Re: [PATCH v3 4/4] mtd: rawnand: micron: support 8/512 on-die ECC
From: Chris Packham
Date: Wed Jun 20 2018 - 18:22:15 EST
On 20/06/18 20:02, Boris Brezillon wrote:
> On Wed, 20 Jun 2018 17:05:44 +1200
> Chris Packham <chris.packham@xxxxxxxxxxxxxxxxxxx> wrote:
>
>> Micron MT29F1G08ABAFAWP-ITE:F supports an on-die ECC with 8 bits
>> per 512 bytes. Add support for this combination.
>>
>> Signed-off-by: Chris Packham <chris.packham@xxxxxxxxxxxxxxxxxxx>
>> ---
>> Changes in v2:
>> - New
>> Changes in v3:
>> - Handle reporting of corrected errors that don't require a rewrite, expand
>> comment for the ECC status bits.
>>
>> drivers/mtd/nand/raw/nand_micron.c | 34 ++++++++++++++++++++++++------
>> 1 file changed, 27 insertions(+), 7 deletions(-)
>>
>> diff --git a/drivers/mtd/nand/raw/nand_micron.c b/drivers/mtd/nand/raw/nand_micron.c
>> index 5cec79372181..0c2bde4411d7 100644
>> --- a/drivers/mtd/nand/raw/nand_micron.c
>> +++ b/drivers/mtd/nand/raw/nand_micron.c
>> @@ -18,10 +18,24 @@
>> #include <linux/mtd/rawnand.h>
>>
>> /*
>> - * Special Micron status bit that indicates when the block has been
>> - * corrected by on-die ECC and should be rewritten
>> + * Special Micron status bit 3 indicates that the block has been
>> + * corrected by on-die ECC and should be rewritten.
>> + *
>> + * On chips with 8-bit ECC and additional bit can be used to distinguish
>> + * cases where a errors were corrected without needing a rewrite
>> + *
>> + * Bit 4 Bit 3 Bit 0 Description
>> + * ----- ----- ----- -----------
>> + * 0 0 0 No Errors
>> + * 0 0 1 Multiple uncorrected errors
>> + * 0 1 0 4 - 6 errors corrected, recommend rewrite
>> + * 0 0 1 Reserved
>> + * 1 0 0 1 - 3 errors corrected
>> + * 1 0 1 Reserved
>> + * 1 1 0 7 - 8 errors corrected, recommend rewrite
>> */
>> #define NAND_STATUS_WRITE_RECOMMENDED BIT(3)

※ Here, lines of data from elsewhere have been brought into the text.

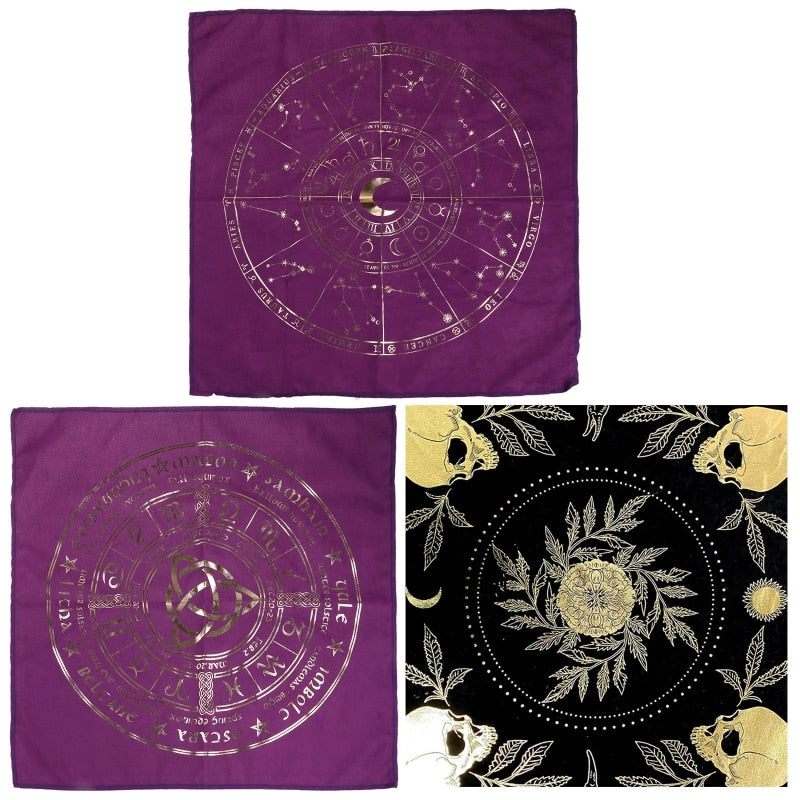 Tarot Divination Mat / Tapestry | Astrology, Zodiac Flannel Alter Mat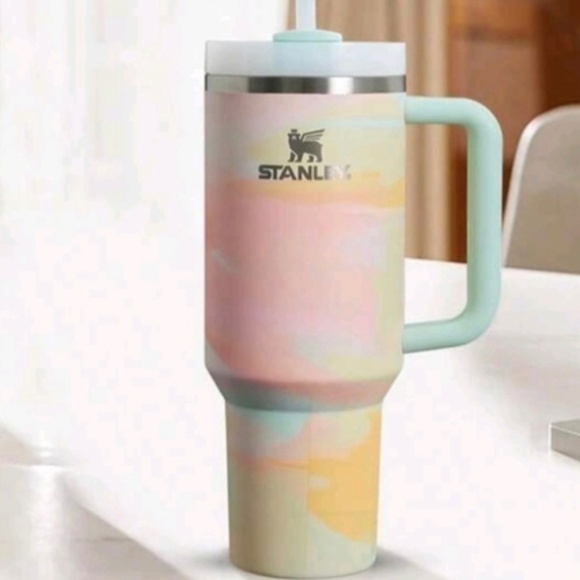 Stanley Pastel Rainbow 40 Oz. Insulated Tumbler Green Lid New in Box - Picture 1 of 5
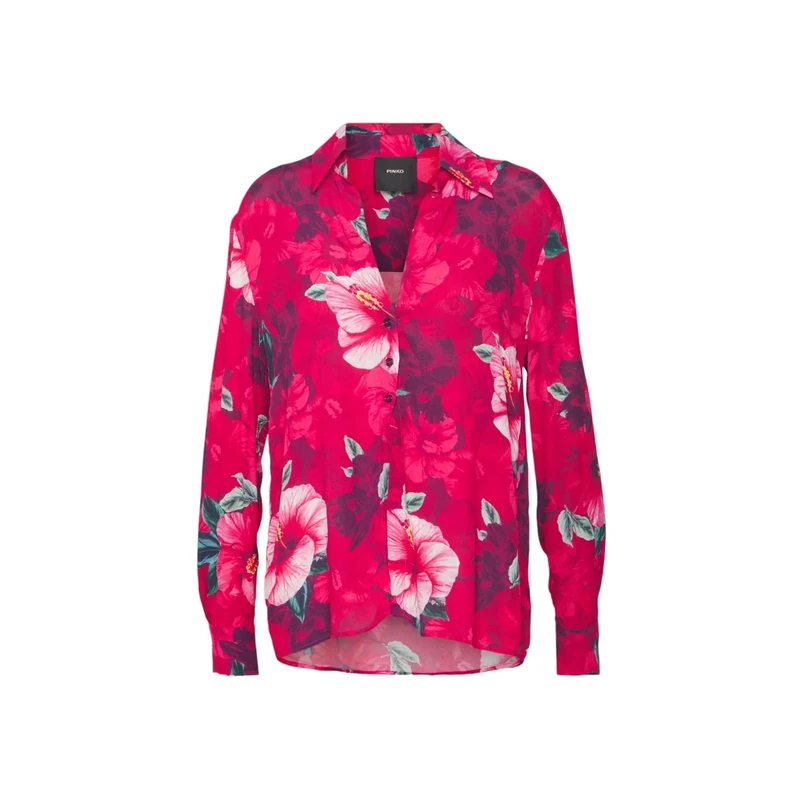 Pinko Women's CONTENTO Camicia Crepe DE Chin Blouse, YN3_Mult.Fuxia/ROSA, 40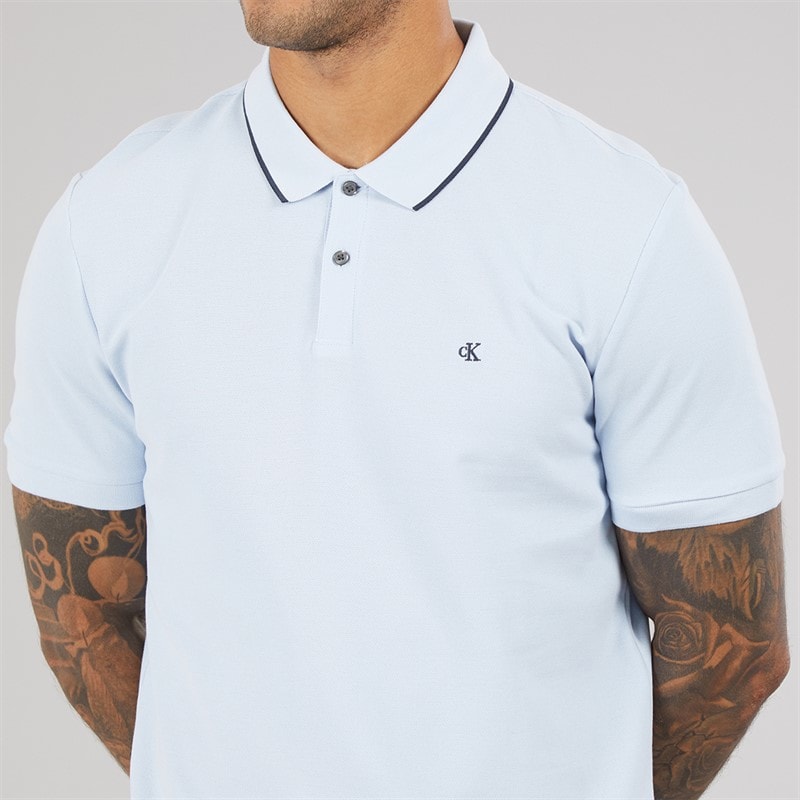 Calvin Klein Mens Short Sleeve Refined Pique Tip Polo Shirt Breezy Blue - Image 3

>> +#define NAND_STATUS_ERRORS_CORRECTED BIT(4)
>>
>> struct nand_onfi_vendor_micron {
>> u8 two_plane_read;
>> @@ -141,7 +155,7 @@ micron_nand_read_page_on_die_ecc(struct mtd_info *mtd, struct nand_chip *chip,
>> mtd->ecc_stats.failed++;
>>
>> /*
>> - * The internal ECC doesn't tell us the number of bitflips
>> + * The internal 4-bit ECC doesn't tell us the number of bitflips
>> * that have been corrected, but tells us if it recommends to
>> * rewrite the block. If it's the case, then we pretend we had
>> * a number of bitflips equal to the ECC strength, which will
>> @@ -149,6 +163,12 @@ micron_nand_read_page_on_die_ecc(struct mtd_info *mtd, struct nand_chip *chip,
>> */
>> else if (status & NAND_STATUS_WRITE_RECOMMENDED)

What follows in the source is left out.